Zachwycony Duchem – Joachim z Fiore

2015/05/21

Poszukując tajemnicy Trójcy Świętej, czasem można się znaleźć między mądrością a herezją.

Od pewnego czasu w kulturze masowej daje się zaobserwować zjawisko zainteresowania średniowieczem. Od czasów Imienia róży powstały już tuziny dzieł i dziełek, których zadaniem jest odsłaniać rzekomo skrzętnie skrywane tajemnice zwykle dotykające genezy Kościoła, jego roli w hamowaniu postępu cywilizacyjnego, Kościoła zawsze opresyjnego wobec kreatywnych postaw ludzkich. Gdyby potraktować postać i myśl Joachima z Fiore w ten właśnie sposób, otrzymalibyśmy pasjonującą mieszankę niepokoju twórczego i pokory zakonnika rozmiłowanego w regule monastycznej, obraz pustelnika, pielgrzyma, badacza niecofającego się przed własnymi odkryciami, kontemplatyka doradzającego wielkim tego świata, proroka, reformatora, niektórzy powiadają – geniusza. Wszak miał odkryć Tajemnicę Trójcy Świętej.
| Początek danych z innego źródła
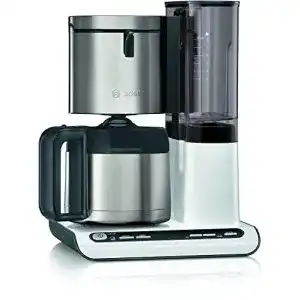 Bosch Hausgeräte Filterkaffeemaschine mit Timer und Edelstahl-Thermokanne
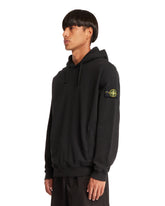 Black Logoed Hoodie | PDP | Antonia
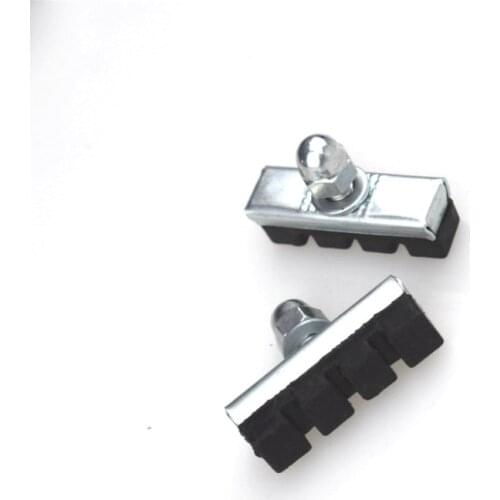 Bicycle C Brake Shoe Set City Road Bicycle C Type Brake Caliper 40mm Road Fixed Gear Bicycle Brake Accessories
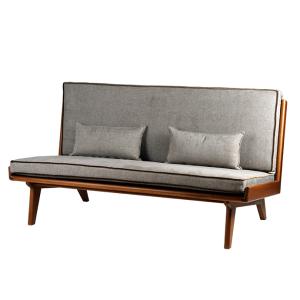 ANKE - Midcentury Modern Wood Sofa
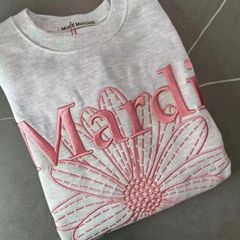 マルディメクルディ Mardi Mercredi 刺繍スウェッ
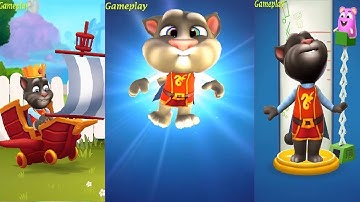 My Talking Tom 2 - Android Gameplay HD #11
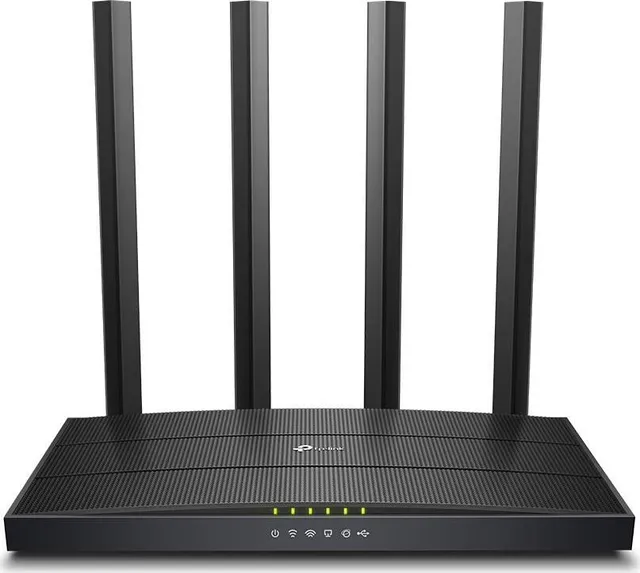 Router wireless TP-LINK Archer C6U, WIFI 5, Dual Band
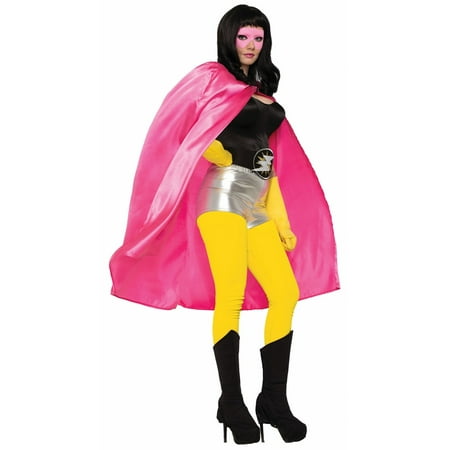Pink Adult Cape Halloween Costume Accessory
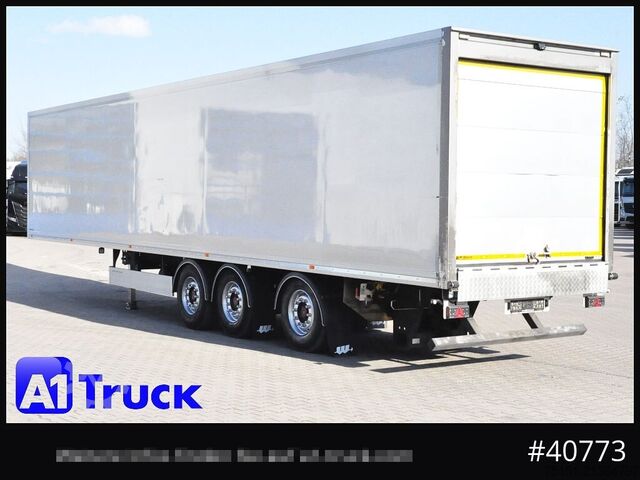 Semirimorchio frigorifero SCHMITZ Wüllhorst Vector 1950  560h !! Lenkachse Rolltor,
Naszą wyobraźnię pobudza fakt, że myśl tego XII-wiecznego badacza Pisma Świętego została częściowo utracona na skutek potępienia jego głównych tez już po śmierci mistyka, w ciągu półwiecza następującego po Soborze Laterańskim IV, a do nas dotarła także w formie pism interpretujących koncepcje Joachima w duchu zupełnie wywrotowym. Pro domo sua dodam, że jedyne w Polsce kopie tych pism znajdziemy w Bibliotece Uniwersyteckiej we Wrocławiu.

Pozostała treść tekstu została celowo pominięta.